### Data for the task

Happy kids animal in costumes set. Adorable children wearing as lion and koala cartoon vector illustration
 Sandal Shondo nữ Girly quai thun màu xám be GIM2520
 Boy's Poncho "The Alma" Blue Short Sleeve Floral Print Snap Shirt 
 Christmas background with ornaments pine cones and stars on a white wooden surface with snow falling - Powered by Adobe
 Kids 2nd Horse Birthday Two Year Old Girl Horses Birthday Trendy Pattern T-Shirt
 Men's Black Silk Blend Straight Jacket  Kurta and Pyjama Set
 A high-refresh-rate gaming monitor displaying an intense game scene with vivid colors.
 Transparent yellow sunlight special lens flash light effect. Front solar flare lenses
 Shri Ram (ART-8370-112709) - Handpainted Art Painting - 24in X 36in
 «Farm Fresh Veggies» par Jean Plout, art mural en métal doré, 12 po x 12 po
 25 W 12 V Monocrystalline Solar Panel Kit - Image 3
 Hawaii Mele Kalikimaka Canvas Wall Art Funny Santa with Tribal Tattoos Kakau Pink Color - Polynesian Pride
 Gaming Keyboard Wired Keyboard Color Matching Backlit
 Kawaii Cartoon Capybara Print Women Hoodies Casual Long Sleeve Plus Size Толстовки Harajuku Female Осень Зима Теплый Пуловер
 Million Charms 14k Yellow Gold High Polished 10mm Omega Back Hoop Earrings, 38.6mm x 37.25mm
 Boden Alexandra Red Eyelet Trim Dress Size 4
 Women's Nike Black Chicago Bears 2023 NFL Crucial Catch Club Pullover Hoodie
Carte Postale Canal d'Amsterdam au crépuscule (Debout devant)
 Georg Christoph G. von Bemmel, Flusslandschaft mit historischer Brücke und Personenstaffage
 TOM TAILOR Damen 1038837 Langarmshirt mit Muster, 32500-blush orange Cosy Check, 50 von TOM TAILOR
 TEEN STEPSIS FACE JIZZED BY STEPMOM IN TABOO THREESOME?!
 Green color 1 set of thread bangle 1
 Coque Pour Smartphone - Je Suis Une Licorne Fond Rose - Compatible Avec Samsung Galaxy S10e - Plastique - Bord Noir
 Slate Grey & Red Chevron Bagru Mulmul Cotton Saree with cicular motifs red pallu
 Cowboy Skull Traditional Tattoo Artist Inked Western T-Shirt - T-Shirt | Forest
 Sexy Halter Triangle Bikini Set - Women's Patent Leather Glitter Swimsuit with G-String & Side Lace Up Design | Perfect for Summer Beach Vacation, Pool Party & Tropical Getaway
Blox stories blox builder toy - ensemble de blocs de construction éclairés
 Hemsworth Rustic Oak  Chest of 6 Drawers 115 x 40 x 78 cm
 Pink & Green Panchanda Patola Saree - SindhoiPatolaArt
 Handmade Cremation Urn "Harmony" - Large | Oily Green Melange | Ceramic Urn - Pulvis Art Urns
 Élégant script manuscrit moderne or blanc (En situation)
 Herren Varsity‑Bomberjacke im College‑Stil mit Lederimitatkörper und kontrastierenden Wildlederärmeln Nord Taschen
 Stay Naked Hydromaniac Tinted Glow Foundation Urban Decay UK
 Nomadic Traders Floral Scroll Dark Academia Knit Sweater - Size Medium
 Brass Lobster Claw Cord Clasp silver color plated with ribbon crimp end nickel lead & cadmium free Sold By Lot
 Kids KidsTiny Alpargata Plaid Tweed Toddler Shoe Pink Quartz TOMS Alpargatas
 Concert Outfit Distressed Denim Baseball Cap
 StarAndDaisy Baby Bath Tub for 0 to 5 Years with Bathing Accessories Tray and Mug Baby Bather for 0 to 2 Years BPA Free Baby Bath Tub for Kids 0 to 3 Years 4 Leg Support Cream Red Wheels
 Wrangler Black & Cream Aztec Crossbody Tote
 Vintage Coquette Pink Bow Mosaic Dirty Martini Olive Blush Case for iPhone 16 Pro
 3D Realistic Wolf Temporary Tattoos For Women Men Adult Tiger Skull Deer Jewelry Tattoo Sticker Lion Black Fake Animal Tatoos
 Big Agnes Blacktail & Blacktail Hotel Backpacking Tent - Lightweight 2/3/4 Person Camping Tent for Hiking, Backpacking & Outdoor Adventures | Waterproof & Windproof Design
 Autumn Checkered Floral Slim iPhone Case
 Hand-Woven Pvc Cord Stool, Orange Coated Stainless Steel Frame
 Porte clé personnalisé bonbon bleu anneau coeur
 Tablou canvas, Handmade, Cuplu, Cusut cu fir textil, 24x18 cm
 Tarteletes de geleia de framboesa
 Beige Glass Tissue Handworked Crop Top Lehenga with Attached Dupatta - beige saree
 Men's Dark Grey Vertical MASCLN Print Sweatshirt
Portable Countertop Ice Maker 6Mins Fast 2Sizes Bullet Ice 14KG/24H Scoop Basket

######

**Description of the task:** Look above for the line with "Hawaii Mele Kalikimaka" and the line with "Kawaii Cartoon Capybara"; transcribe both and all lines in between, exactly, and nothing else.

**Response for this exercise:**
 Hawaii Mele Kalikimaka Canvas Wall Art Funny Santa with Tribal Tattoos Kakau Pink Color - Polynesian Pride
 Gaming Keyboard Wired Keyboard Color Matching Backlit
 Kawaii Cartoon Capybara Print Women Hoodies Casual Long Sleeve Plus Size Толстовки Harajuku Female Осень Зима Теплый Пуловер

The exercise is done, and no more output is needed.